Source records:
**********
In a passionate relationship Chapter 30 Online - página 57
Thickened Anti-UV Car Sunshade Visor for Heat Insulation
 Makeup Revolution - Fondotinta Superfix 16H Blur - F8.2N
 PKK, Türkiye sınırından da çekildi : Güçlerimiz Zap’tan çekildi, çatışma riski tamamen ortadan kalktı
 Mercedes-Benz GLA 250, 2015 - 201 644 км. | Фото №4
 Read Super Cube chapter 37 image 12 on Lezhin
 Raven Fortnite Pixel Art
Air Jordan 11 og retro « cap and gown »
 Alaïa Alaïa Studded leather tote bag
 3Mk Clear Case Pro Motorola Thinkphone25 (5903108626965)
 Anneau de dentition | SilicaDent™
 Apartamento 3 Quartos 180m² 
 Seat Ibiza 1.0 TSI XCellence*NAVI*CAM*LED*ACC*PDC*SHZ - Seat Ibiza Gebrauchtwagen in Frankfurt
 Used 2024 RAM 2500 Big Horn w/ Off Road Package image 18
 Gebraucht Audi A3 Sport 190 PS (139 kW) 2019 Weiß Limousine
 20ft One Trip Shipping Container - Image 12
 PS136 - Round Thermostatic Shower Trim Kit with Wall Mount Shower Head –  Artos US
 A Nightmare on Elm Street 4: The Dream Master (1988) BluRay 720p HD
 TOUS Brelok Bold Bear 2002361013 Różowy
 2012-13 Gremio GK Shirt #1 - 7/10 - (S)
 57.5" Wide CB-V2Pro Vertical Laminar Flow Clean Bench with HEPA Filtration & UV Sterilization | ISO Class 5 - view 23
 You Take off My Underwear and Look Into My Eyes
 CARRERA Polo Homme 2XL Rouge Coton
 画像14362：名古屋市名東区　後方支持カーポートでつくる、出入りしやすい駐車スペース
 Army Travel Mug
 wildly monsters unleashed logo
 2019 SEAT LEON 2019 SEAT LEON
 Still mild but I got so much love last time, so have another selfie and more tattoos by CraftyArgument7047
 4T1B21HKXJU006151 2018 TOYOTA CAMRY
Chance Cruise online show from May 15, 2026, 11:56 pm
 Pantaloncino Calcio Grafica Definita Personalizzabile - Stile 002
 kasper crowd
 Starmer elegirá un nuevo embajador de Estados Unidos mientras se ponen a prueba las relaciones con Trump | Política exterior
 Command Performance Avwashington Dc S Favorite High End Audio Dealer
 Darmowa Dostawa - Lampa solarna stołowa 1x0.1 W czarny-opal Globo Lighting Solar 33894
**********
**TASK GOAL:** For every line in the data above that has the string "with", return that line.

**ANSWER SPACE:**
 PS136 - Round Thermostatic Shower Trim Kit with Wall Mount Shower Head –  Artos US
 57.5" Wide CB-V2Pro Vertical Laminar Flow Clean Bench with HEPA Filtration & UV Sterilization | ISO Class 5 - view 23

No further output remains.